• Task to complete
Your answer must be the exact lines of the listing below that run from the line with "IM体育官方网站首页 他捡来一个铁帽子王当 凭什么让康熙亲身到卢沟桥理睬" to the line with "Clean the brushes", ends included, and no pictures.

• Task material
• • • • • • •
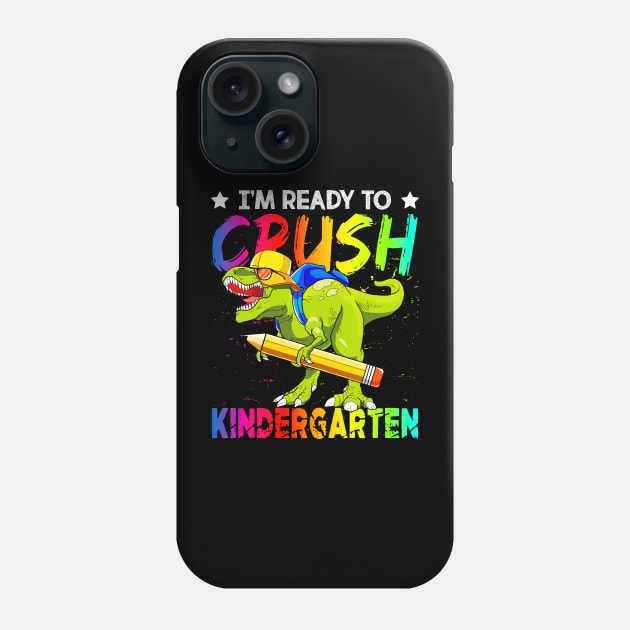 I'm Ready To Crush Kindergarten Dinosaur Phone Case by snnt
• • • • • • •
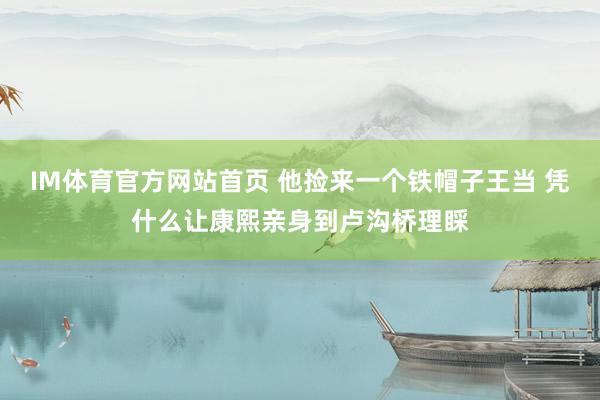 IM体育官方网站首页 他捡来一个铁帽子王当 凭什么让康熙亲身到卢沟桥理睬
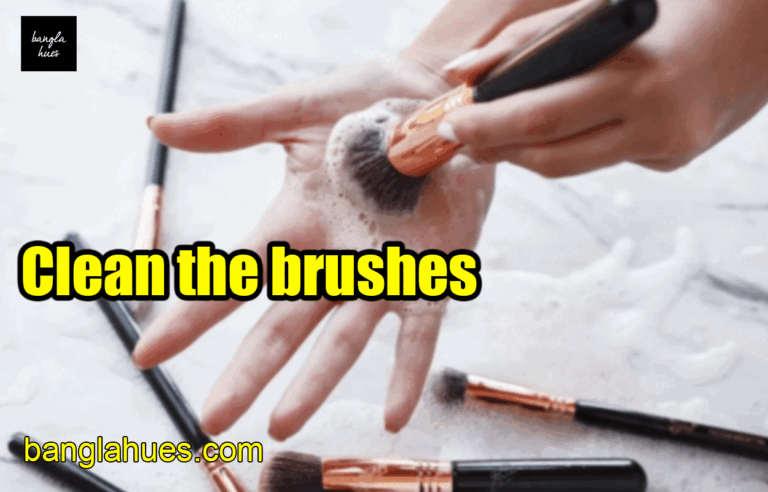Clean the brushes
• • • • • • •
• Task result
 IM体育官方网站首页 他捡来一个铁帽子王当 凭什么让康熙亲身到卢沟桥理睬
Clean the brushes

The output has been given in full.